Notebook

Multidimensional Newton’s method¶

Most real-life equations are nonlinear — everything in the real world "goes nonlinear" if you push it hard enough. But we can still use linear algebra to solve nonlinear equations!

The key fact is that derivatives represent linear approximations of functions, so you can solve even nonlinear problems by a sequence of linear approximations using derivatives.

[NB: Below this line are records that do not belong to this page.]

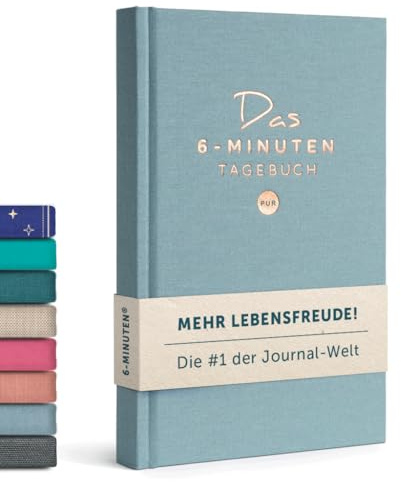 6-Minuten® Tagebuch für Erwachsene 2026 (Das Original) – Mehr Achtsamkeit, Resilienz & Selbstliebe – Dankbarkeitstagebuch, Journal Buch – Achtsamkeitstagebuch in 22 Sprachen übersetzt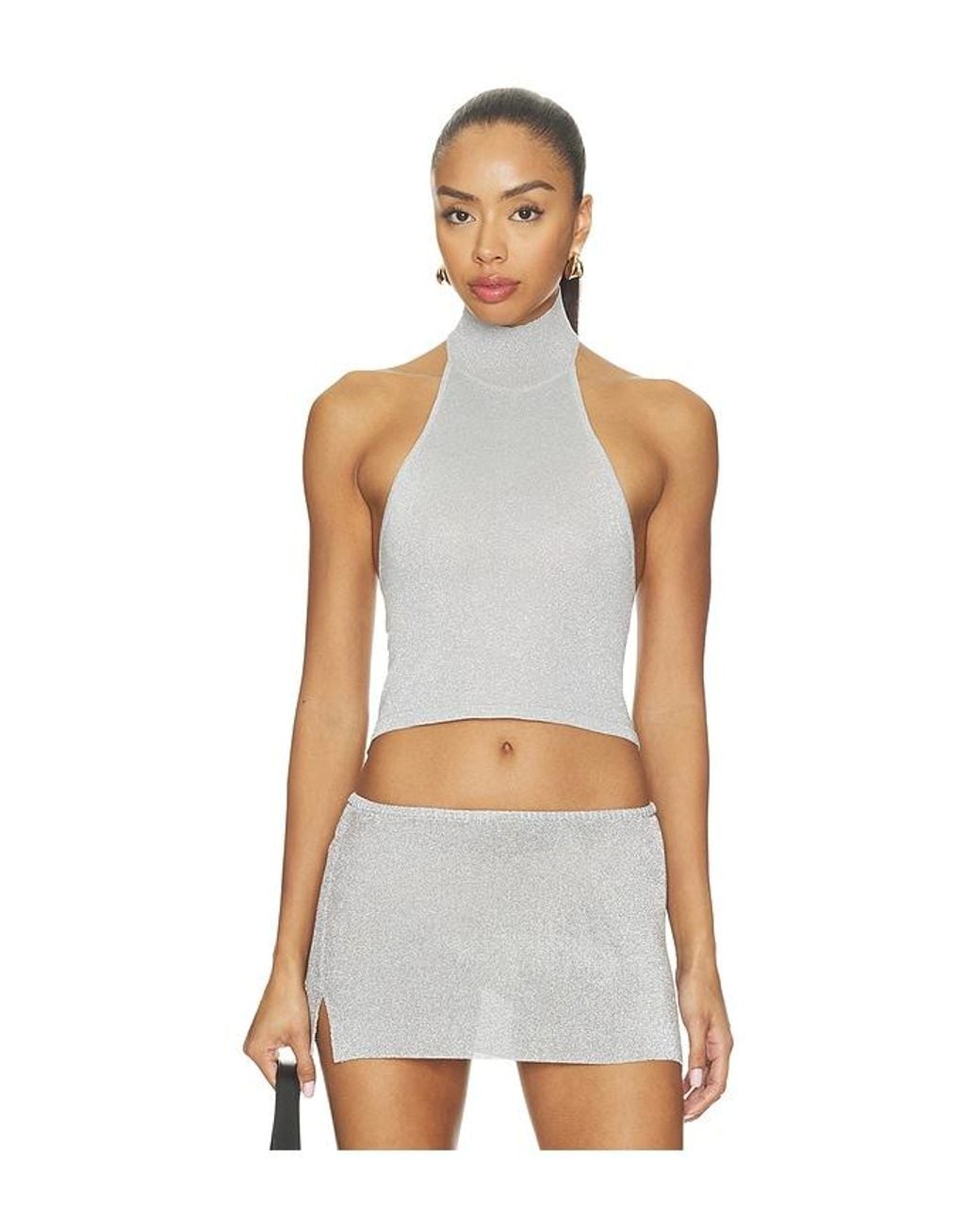 Lioness White Trophy Halter Top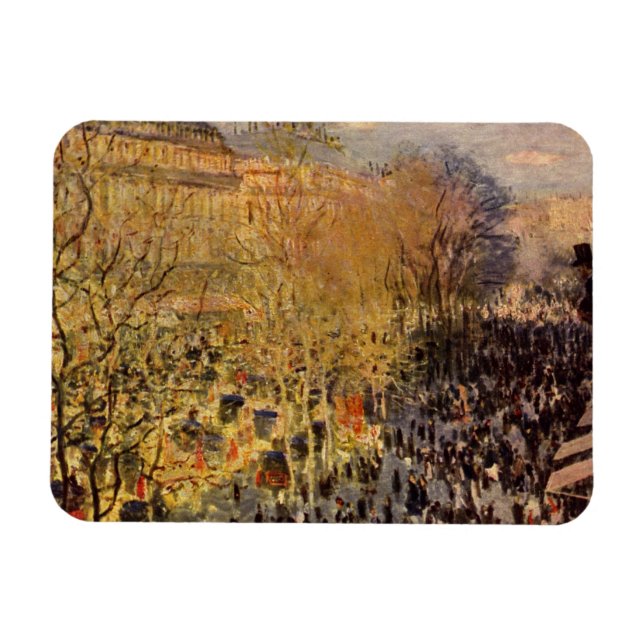 Magnet Flexible Boulevard des Capucines de Claude Monet, Beaux-art (Horizontal)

The most famous example of this is Newton’s method. Given a system of nonlinear equation $$ \vec{f}(\vec{x}) = \vec{0} $$ representing $n$ equations $\vec{f} \in \mathbb{R}^n$ in $n$ unknowns $\vec{x} \in \mathbb{R}^n$, the linear approximation around any given $\vec{x}$ is $$ \vec{f}(\vec{x} + \delta\vec{x}) ≈ \vec{f}(\vec{x}) + J\delta\vec{x} \, , $$ where $J$ is the Jacobian matrix of $\vec{f}(\vec{x})$: $J_{ij} = \partial f_i / \partial x_j$. By setting this approximation to zero, we obtain a Newton step $$ \delta\vec{x} = \boxed{-J^{-1} \vec{f}(\vec{x})} \, . $$ Performing a sequence of these steps gives us Newton's method:

x = initial guess
while not converged
    x = x - J(x) \ f(x)
end

If you give it a reasonable starting guess, it converges amazingly fast: asymptotically, it doubles the number of accurate digits on every step.

Example application: The Thomson problem¶

The Thomson problem is one of the most famous unsolved problems in mathematics: given $N$ equal point charges constrained to lie on a sphere, repelling each other by the usual inverse-square "Coulomb" force law, what is their equilibrium configuration where all the forces are zero and potential energy is minimized?

Rigorous solutions on a sphere in 3 dimensions are known for only a few values of $N$!

A much easier version of the Thomson problem is to formulate it in 2 dimensions for point charges sliding (without friction) on a circle:

If all the charges $q_i$ are equal, then the solution is simply that they lie on the vertices of a regular N-vertex polygon, which allows them to be as far from one another as possible.

Let's pretend we don't know that solution, or have unequal charges, or perhaps we are "warming up" to solve the problem in 3d. Then we could attack the problem numerically in two basic ways:

We could have a vector of $N-1$ unknown angles $\vec{\theta}$ (fixing $q_0$ to lie at $[-1,0]$), compute the $N-1$ tangential forces $\vec{f}(\vec{\theta})$ by the inverse-square law, and then solve for the root $\vec{f}(\vec{\theta}) = \vec{0}$ by Newton’s method.
We could instead compute the potential energy $V(\vec{\theta})$ and minimize over the $N-1$ angles, perhaps by gradient descent.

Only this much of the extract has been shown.